What you will do:
Please repeat, exactly and without pictures, the lines of the entries below that run from the one containing "Charming bedroom with" through the one containing "vintage Chinese profusely".

[Data supplied — start]

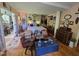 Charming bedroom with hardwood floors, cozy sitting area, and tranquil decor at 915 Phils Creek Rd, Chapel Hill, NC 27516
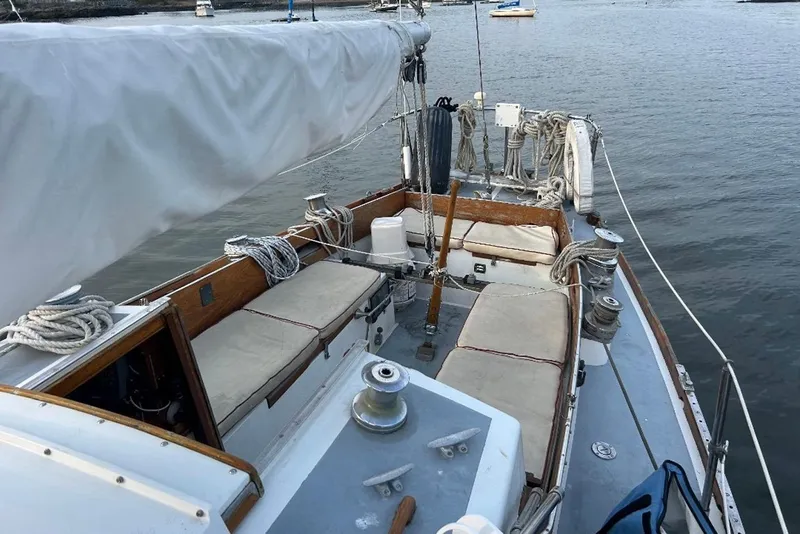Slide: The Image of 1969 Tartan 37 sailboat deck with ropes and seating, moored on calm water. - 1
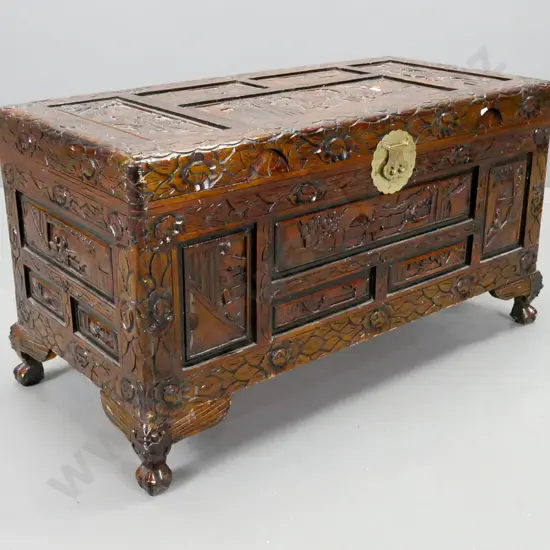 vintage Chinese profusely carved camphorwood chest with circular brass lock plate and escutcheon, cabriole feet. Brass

[Data supplied — finish]
[Data supplied — start]

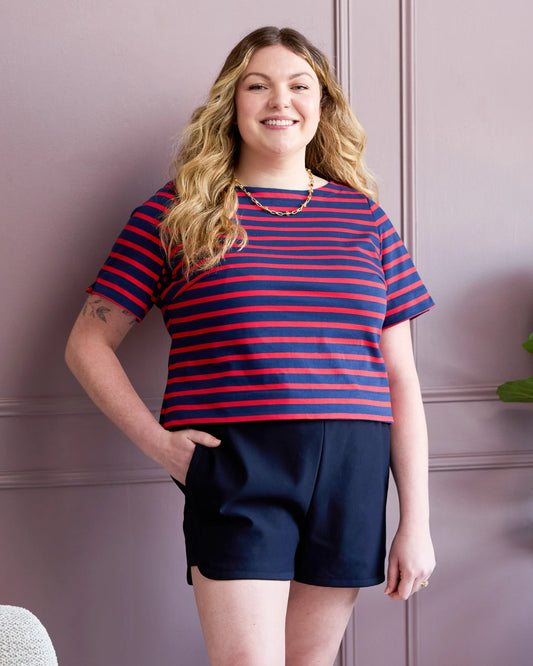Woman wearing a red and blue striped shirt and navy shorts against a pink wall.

[Data supplied — finish]

Completed task:
 Charming bedroom with hardwood floors, cozy sitting area, and tranquil decor at 915 Phils Creek Rd, Chapel Hill, NC 27516
Slide: The Image of 1969 Tartan 37 sailboat deck with ropes and seating, moored on calm water. - 1
 vintage Chinese profusely carved camphorwood chest with circular brass lock plate and escutcheon, cabriole feet. Brass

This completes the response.